━━━━━ Source material
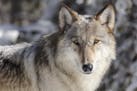 Gray wolves, one of the first animals shielded by the Endangered Species Act after Americans all but exterminated them in the lower 48 states, will no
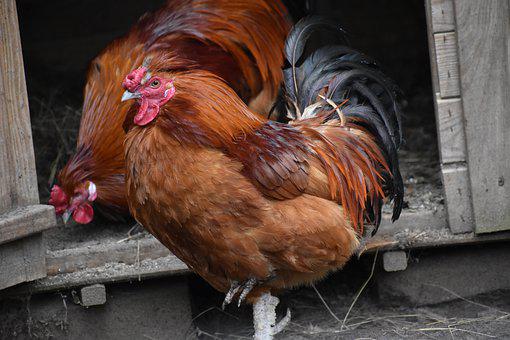 Detail Gambar Kepala Ayam 2dimensi Nomer 40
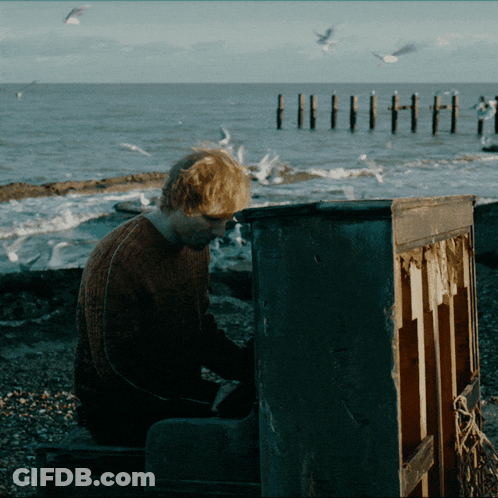 A Man Playing A Piano On A Beach With Seagulls Flying Around Him GIF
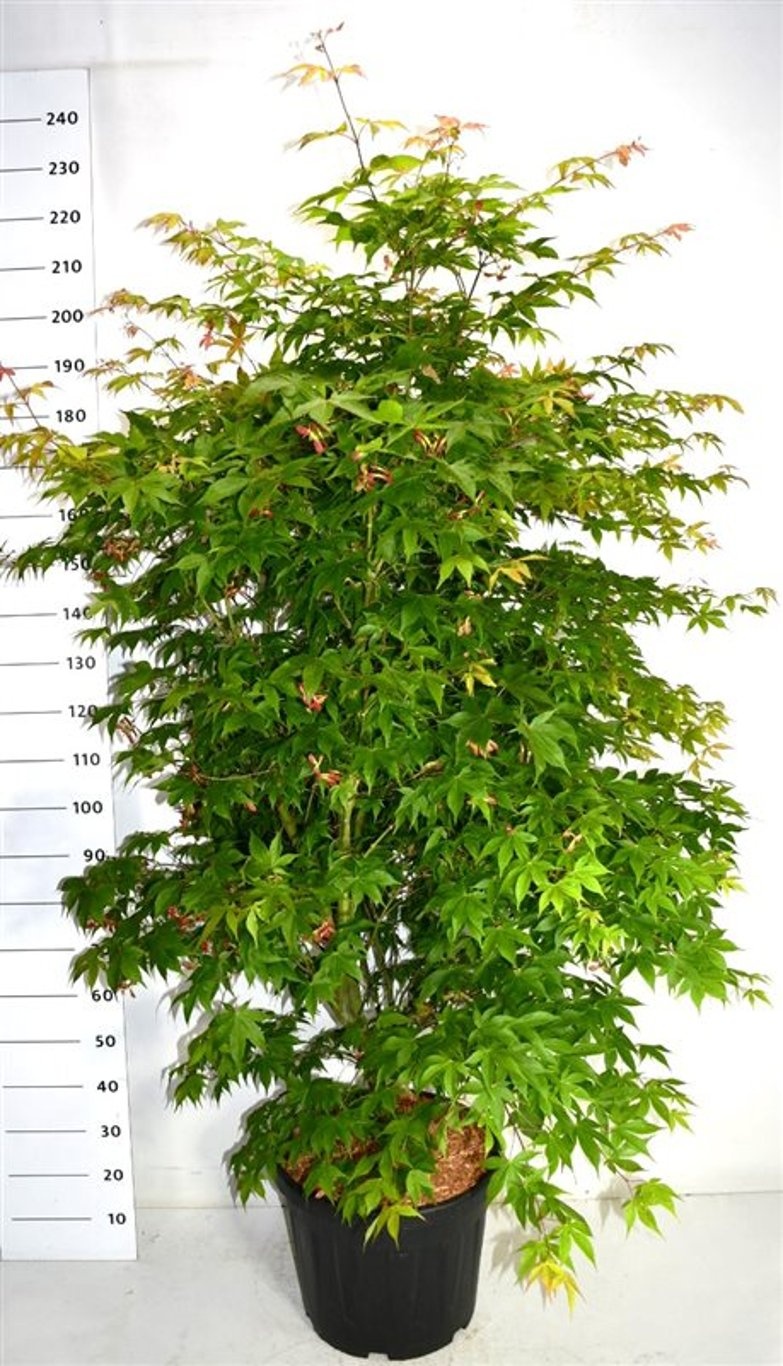 Acer pal. 'Osakazuki', D 48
━━━━━━━━━━
What you write should match, word for word, the lines from the one containing "A Man Playing" to the end of the listing, with both ends kept and the pictures left out.

Solution below:
 A Man Playing A Piano On A Beach With Seagulls Flying Around Him GIF
 Acer pal. 'Osakazuki', D 48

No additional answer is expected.